#### Work to be completed:
Reproduce, character for character, the lines below from the first through the one with "To Thine Own". Leave pictures out.

#### Supplied material:
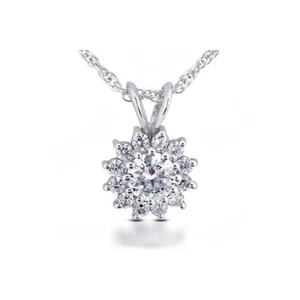 Colgante redondo de oro de 14 k con diamantes extraídos de tierra brillante G-vs2 de 1,15 CTW - Imagen 1 de 2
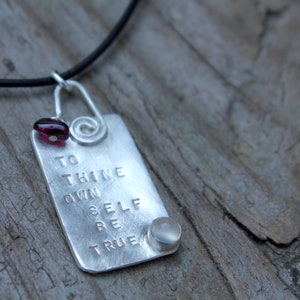 To Thine Own Self Be True. Shakespeare Necklace Sterling silver. Inspirational poems birthstone Hand stamped. Quote. Red Stone Garnet image 6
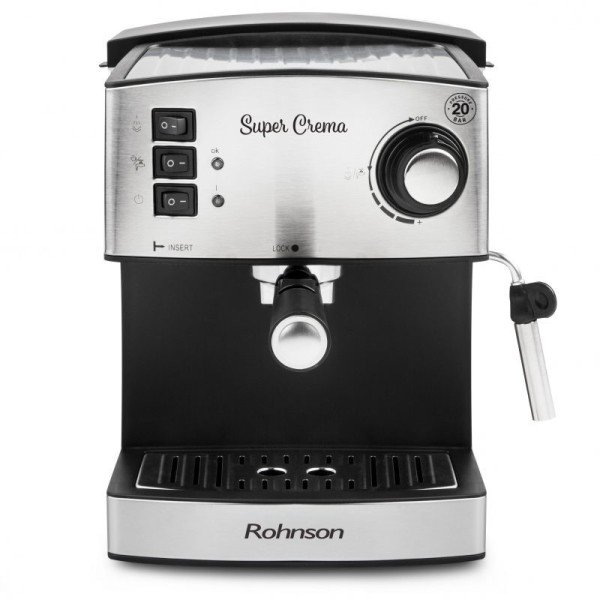 Kафемашина за еспресо Rohnson (R-980) - Мощност 850W 20 бара помпа Голям подвижен резервоар за вода с вместимост 1.6 л. Единичен и двоен филтри от неръждаема стомана за перфектен каймак Дюза за капучино Система за защита от прегряване и свръхналяган Kафемашина за еспресо Rohnson (R-980) -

#### Task output:
 Colgante redondo de oro de 14 k con diamantes extraídos de tierra brillante G-vs2 de 1,15 CTW - Imagen 1 de 2
 To Thine Own Self Be True. Shakespeare Necklace Sterling silver. Inspirational poems birthstone Hand stamped. Quote. Red Stone Garnet image 6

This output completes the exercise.